泳ぎの遅い本種がどのように高速遊泳するイカを捕えるのかは不明であるが、傷ついた、または繁殖後で弱った個体を狙っている可能性はある[15]。体後方に鰭が集中した体型は瞬間的な突進に適しており、蛇のように体をくねらせて獲物に食らいつくことができる。さらに、鰓裂を閉じることで負圧を生み出し、獲物を吸い込んでいるとも考えられる[17]。鋭く小さい、内側に向いた歯は顎を突き出すことで外側に回転し、獲物を引っ掛けやすくなる。捕獲個体の観察からは口を開けたまま泳ぐことが分かっているが、これは白い歯と黒い口内の対比によって、疑似餌として機能するという仮説もある[14]。
生活史
無胎盤性胎生で、胎児は卵黄によって成長する。だが胎児間で体重が異なることがあり、母体からも何らかの形で栄養が供給されると考えられる。成体雌は2つの卵巣、1つの子宮(右側)が機能する。深海は季節の影響が少ないため、繁殖期はない[16]。おそらく繁殖のために、大西洋中央海嶺の海山に15匹の雄、19匹の雌が集まったことが記録されている[13]。産仔数は2-15だが、平均6[4]。雌は2週間おきに排卵するが、妊娠中は体腔に十分なスペースがないため、卵黄形成と卵巣卵の発達は停止する[16]。

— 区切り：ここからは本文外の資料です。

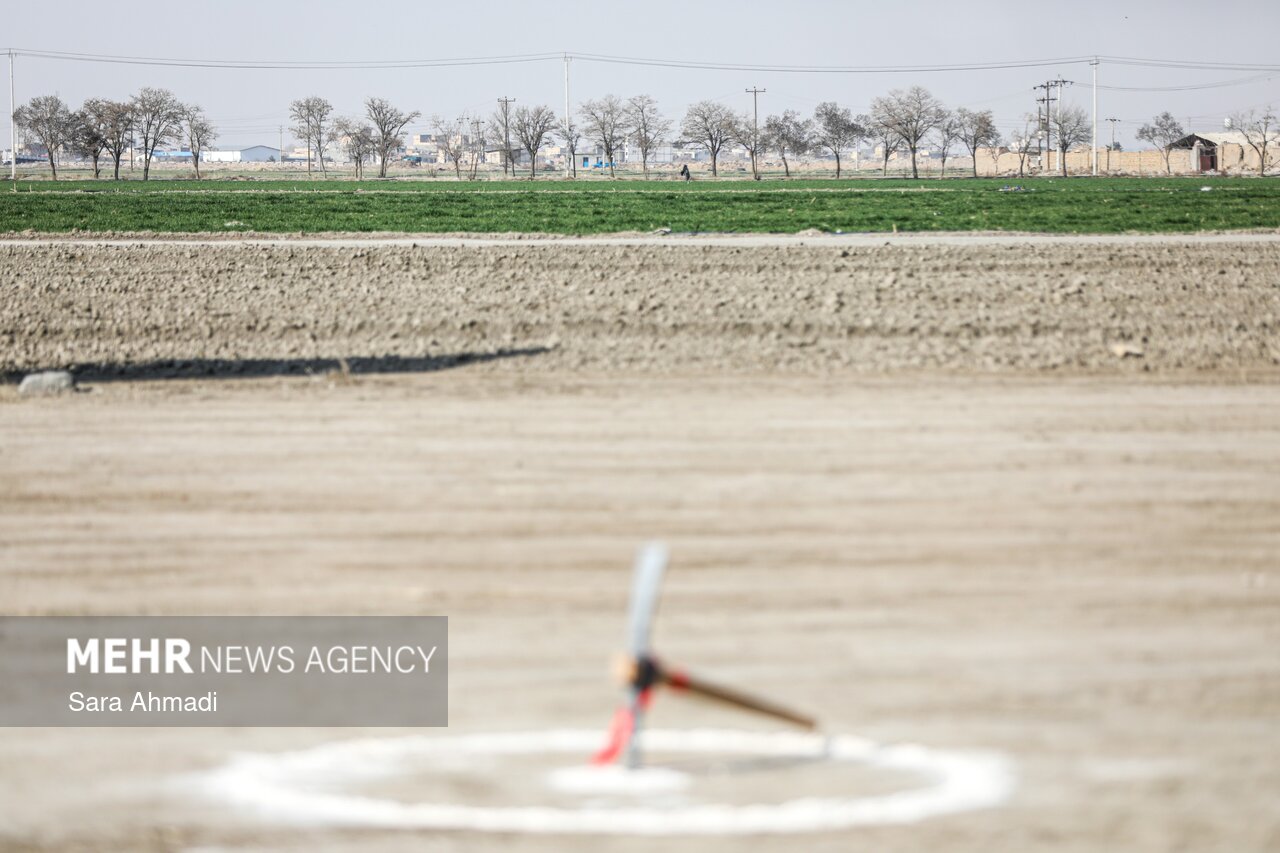 کلنگ‌زنی مدرسه ۸ کلاسه خیرساز در غریب‌آباد جاسک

受精卵は薄く楕円体で、茶色の卵鞘を持つ。3cmに達した胎児では顎の形成が始まり、外鰓・全ての鰭が出現する。6-8cmに達すると外鰓が完全に形成され、卵殻は脱ぎ捨てられて母体から排出される[16][23]。40cmに達するまで卵黄嚢の大きさはほぼ一定であるが、50cmに達するまでに急速に消失する。成長率は1.4cm/月であり、他のあらゆる脊椎動物より長い3.5年の妊娠期間を持つ[16][17]。出生時は全長40-60cmである。雄で全長97-117cm、雌で全長135-150cmで性成熟する[24]。
人との関わり
生体と人が遭遇することは少なく、人に危害を加えることはない。扱う際に鋭い歯で怪我をすることはある[11]。2004年8月27日、米国のブレーク海台でROVのJohnson Sea Link IIによって、初めて深海での姿が観察された[12]。多くの専門家は、シーサーペントの目撃報告の一部は本種によって説明できると考えている。本種はそれほど大きくないが、より大型の化石種が生き残っていると信じている未確認動物学者もいる[2][3]。

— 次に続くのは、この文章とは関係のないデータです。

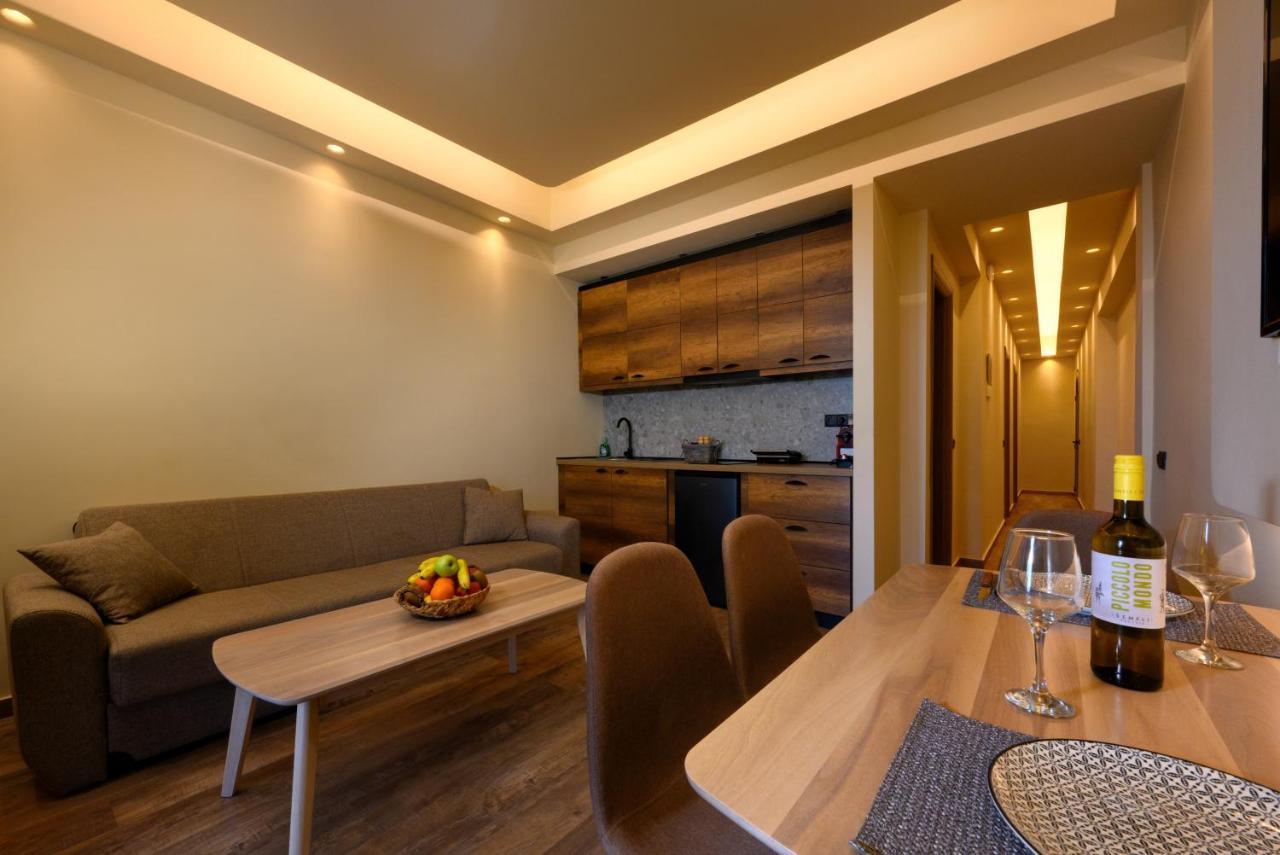 Seven Keys Luxury Suites Achílleion Exteriér fotografie
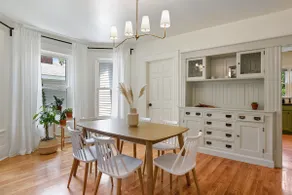 ★Cozy stylish house★ Walk to lakes - Sleeps 10. - Image 2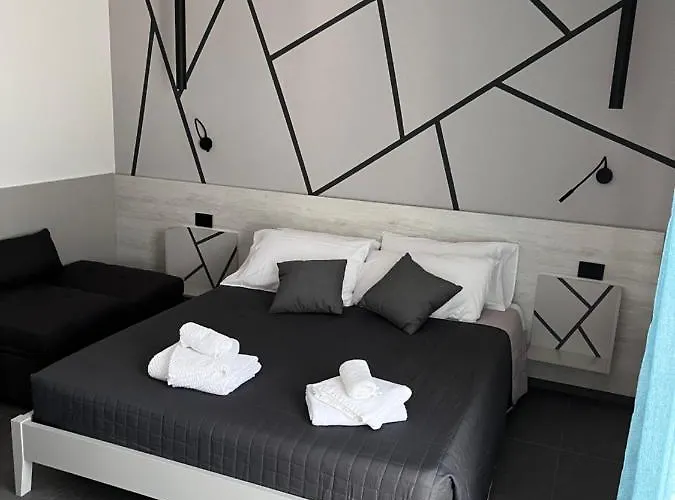 A Due Passi Dal Mare Bed & Breakfast 4*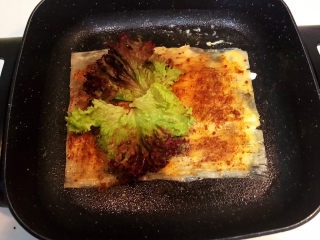 13、东北烤冷面,加入生菜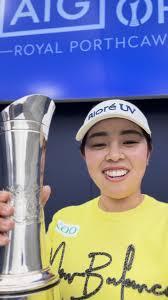 Lydia Ko with the smoooooth rolling greens 😮‍💨 We are now live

稀に底曵き網や底延縄で混獲されるが、漁業の対象にはならない[1]。駿河湾では鯛・ムツの刺網、サクラエビ漁の網にかかる事があるが、漁網を傷つけるため漁師からは嫌われる[16]。稀に肉や魚粉が流通する。繁殖力の低さと生息域での商業漁業の拡大により、IUCNは保全状況を準絶滅危惧としている[1]。

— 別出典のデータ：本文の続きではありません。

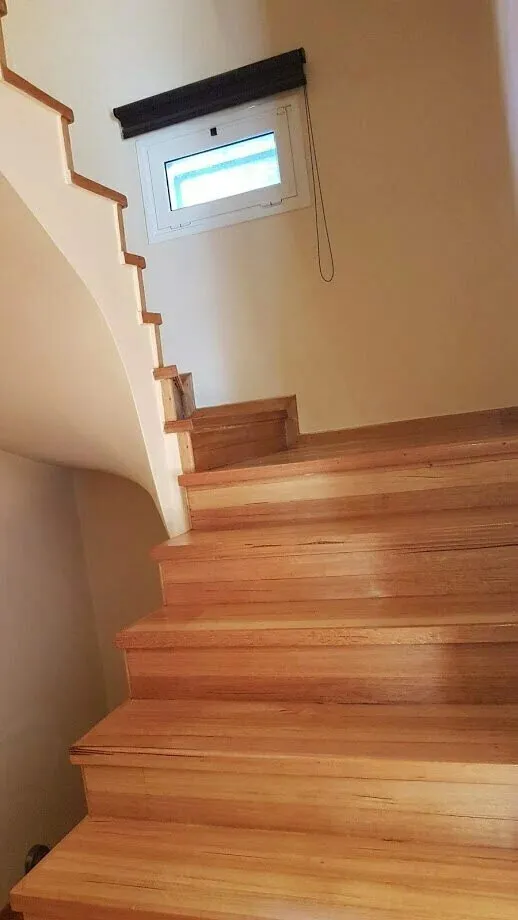 518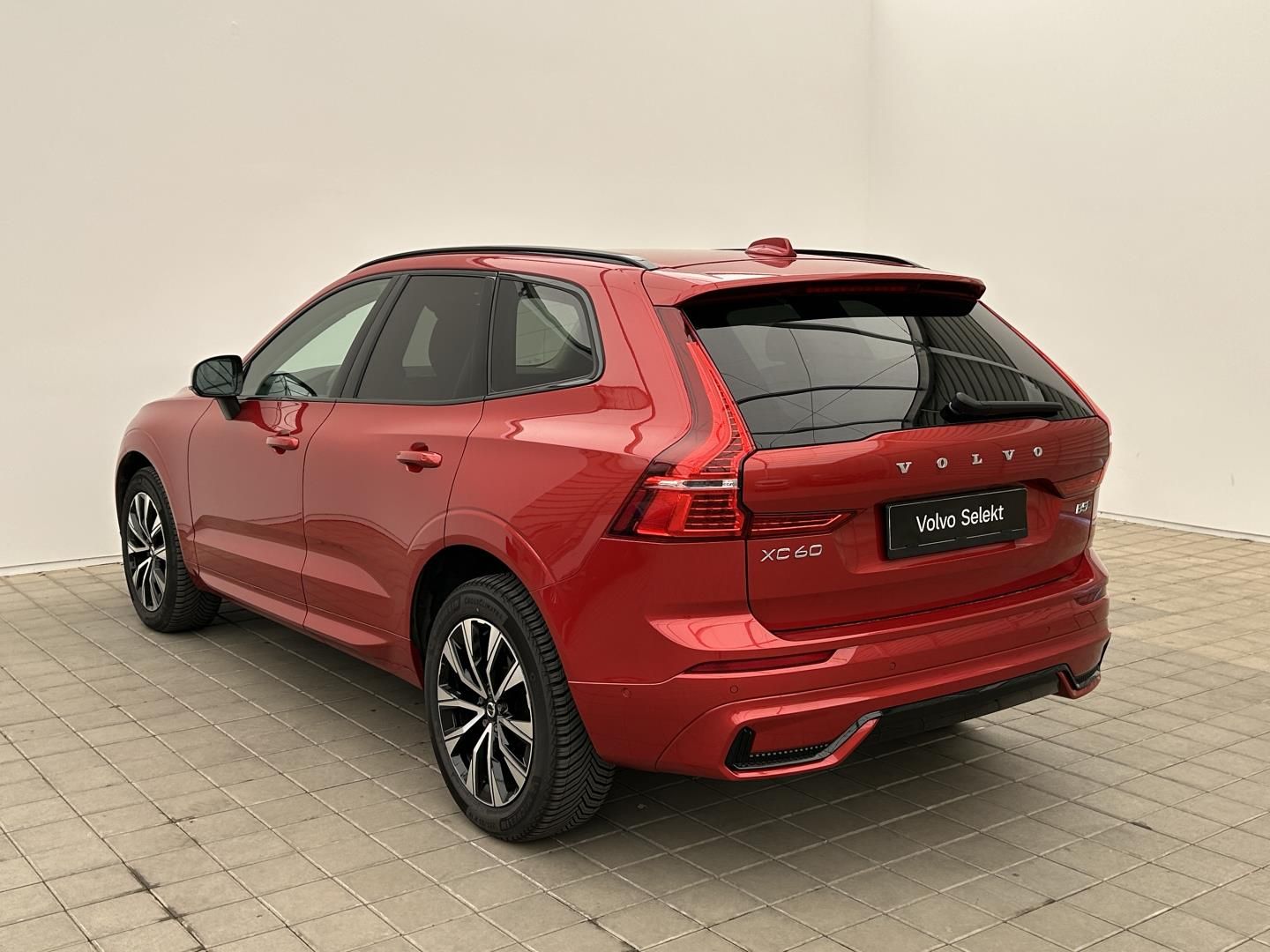 Volvo XC60, 2.0 B5 184kW 4x4  Plus - fotka 4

以前から地元の漁網にかかることがあったが、その容貌から縁起が悪いとそのまま船上で捨てられているらしいと、静岡県清水市(現・静岡市清水区)三保にできた東海大学海洋学部の研究者たちが聞きつけ、捕まえたものを捨てずに持ち帰ってもらうように依頼をすることで標本が集まるようになったという。
捕獲例・展示
生体の展示は非常に稀で、あったとしてもごく短期間である。固定標本の展示は各所の水族館や博物館で行われている。
神戸市立須磨海浜水族園では、1978年に千葉県犬吠埼沖の水深780mで捕獲された個体の標本展示を行っている。
1997年3月11日 静岡県熱海市沖の相模灘の、水深70-80mに仕掛けたヒラメ刺網に混獲。全長1806.0mmの雌の個体で、神奈川県立生命の星・地球博物館に保管されている。
2007年1月21日 静岡県沼津市の水族館あわしまマリンパークが全長1.6mの雌の個体を奥駿河湾の内浦湾で捕獲、生きている姿を撮影した。衰弱が激しく、捕獲後数時間で死亡した[25][26]。
2008年4月2日、神奈川県横須賀市長井漁港沖でヒラメ刺し網漁により全長1.5mの雌の個体が混獲され、翌三日、藤沢市片瀬海岸の新江ノ島水族館で生体展示された。衰弱が予想され一日のみの公開となった[27][28]。
2010年11月17日、長崎県野母崎沖の水深600 mで長崎大学水産学部の練習船「長崎丸」がビームトロールによって捕獲した。2011年9月より学部棟内に個体標本が展示されている。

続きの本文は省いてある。